Error while converting pytorch model which uses point cloud input to ONNX

The following is my code:

import torch
import torch.onnx
import torch.nn as nn
import torch.nn.functional as F
import torch.optim as optim
from torchvision import datasets, transforms
from torch.autograd import Variable
import torch.onnx as torch_onnx
from torch import FloatTensor
import numpy as np
from typing import Tuple, Callable, Optional

Internal Modules

#from util_funcs import UFloatTensor, ULongTensor
#from util_layers import Conv, SepConv, Dense, EndChannels
from pointnet import TransformationNet,BasePointNet,ClassificationPointNet

A model class instance (class not shown)

model = ClassificationPointNet(10,0.3,3)

torch.save(model.state_dict(), ‘/home/vijay/Documents/Vijay/Lidar/pytorch_pointnet/Lidarmnist/PointMNISTDataset/processed/training.pth’)
#torch.save(model, ‘/home/vijay/Documents/Vijay/Lidar/pytorch_pointnet/Lidarmnist/PointMNISTDataset/processed/training.pth’)

Load the weights from a file (.pth usually)

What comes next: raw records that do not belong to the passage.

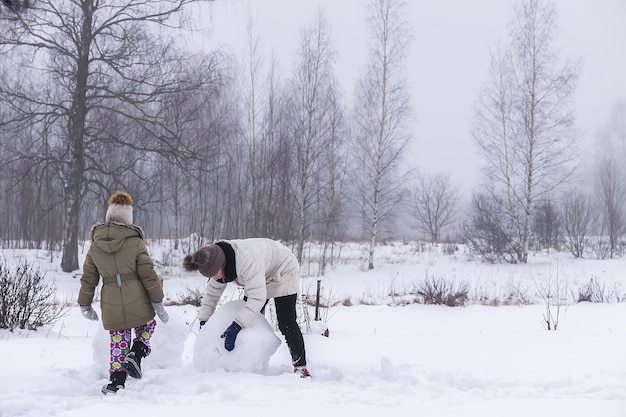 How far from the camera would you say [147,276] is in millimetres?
3426

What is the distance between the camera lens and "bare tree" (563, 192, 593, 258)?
18625 mm

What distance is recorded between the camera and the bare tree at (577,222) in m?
18.6

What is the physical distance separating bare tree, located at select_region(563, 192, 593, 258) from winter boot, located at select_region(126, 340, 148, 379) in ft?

state_dict = torch.load(’/home/vijay/Documents/Vijay/Lidar/pytorch_pointnet/Lidarmnist/PointMNISTDataset/processed/training.pth’)

Load the weights now into a model net architecture defined by our class

model.load_state_dict(state_dict)

Create the right input shape (e.g. for an image)

dummy_input = torch.randn(64,1,3)
torch.onnx.export(model, dummy_input, “onnx_model_name.onnx”)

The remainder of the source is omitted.